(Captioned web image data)
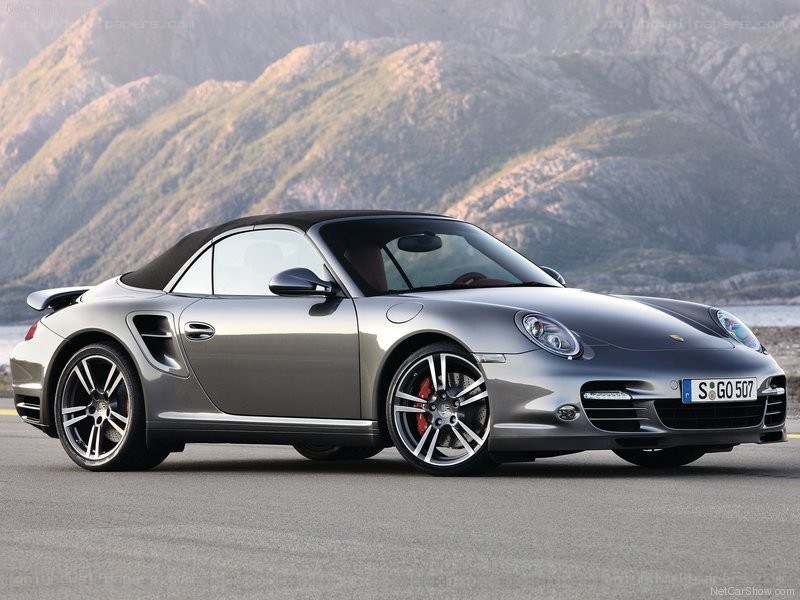 Silver Porsche convertible on road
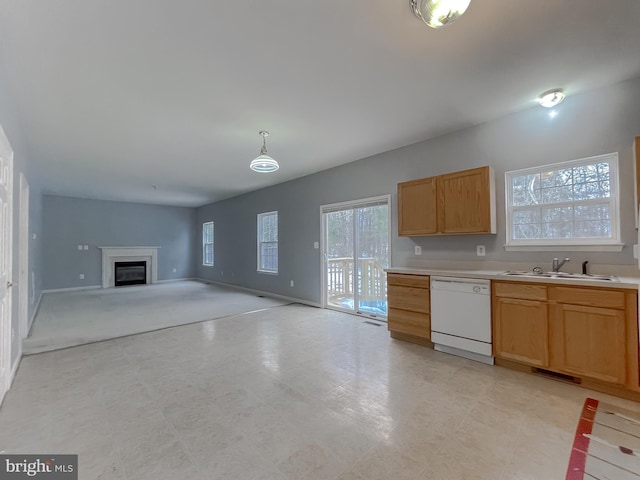 kitchen featuring white dishwasher, hanging light fixtures, and sink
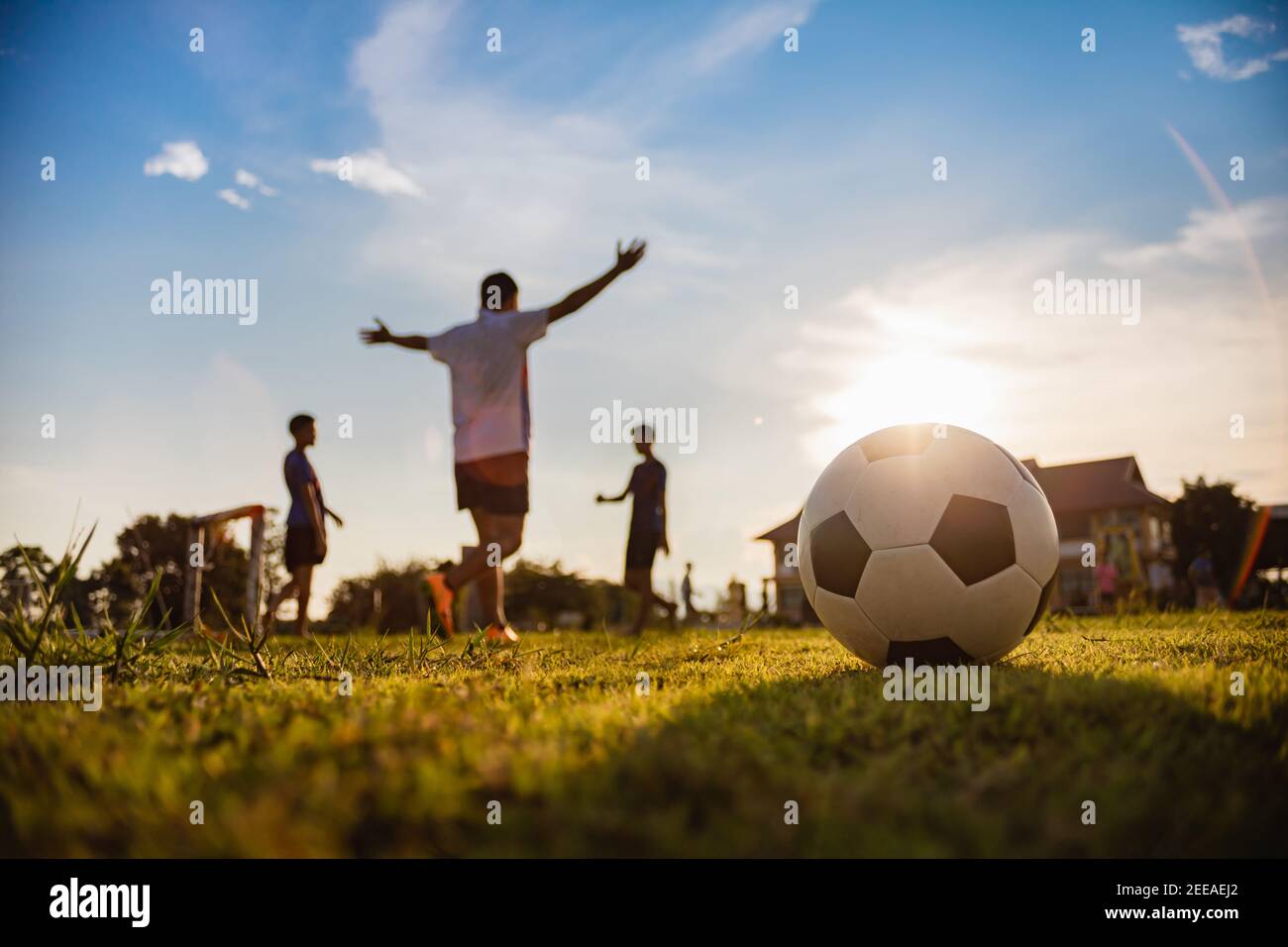 Silhouette sport d'azione all'aperto di un gruppo di bambini che si divertono giocando a calcio per allenarsi nella zona rurale della comunità sotto il tramonto al crepuscolo. Foto Stock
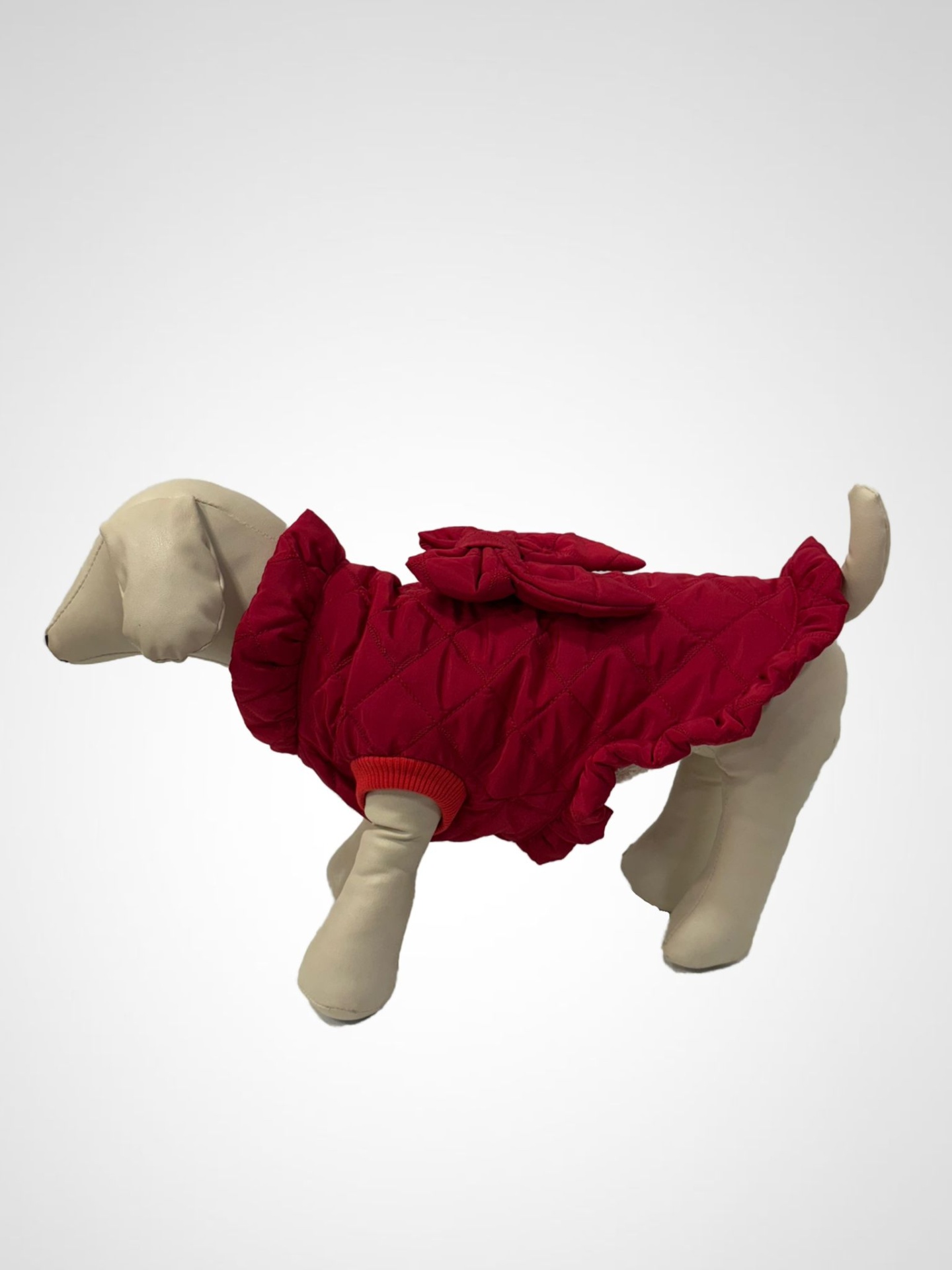 Roupa acolchoada vermelha para cão com laço decorativo num manequim.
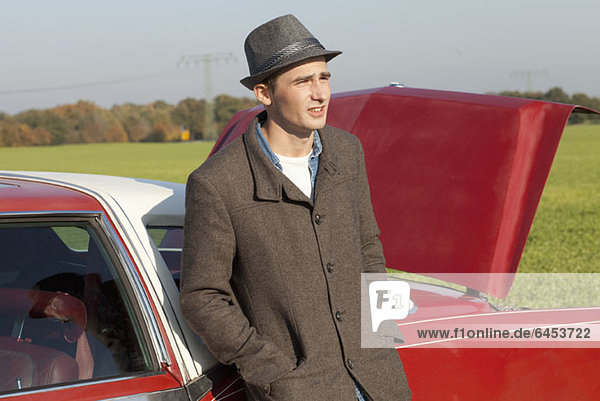 A young rockabilly man leaning against a vintage car in the country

## GOAL OF THE EXERCISE:
Only the pictures may be dropped; print every record exactly as given.

## YOUR RESPONSE:
 Silver Porsche convertible on road
 kitchen featuring white dishwasher, hanging light fixtures, and sink
 Silhouette sport d'azione all'aperto di un gruppo di bambini che si divertono giocando a calcio per allenarsi nella zona rurale della comunità sotto il tramonto al crepuscolo. Foto Stock
 Roupa acolchoada vermelha para cão com laço decorativo num manequim.
 A young rockabilly man leaning against a vintage car in the country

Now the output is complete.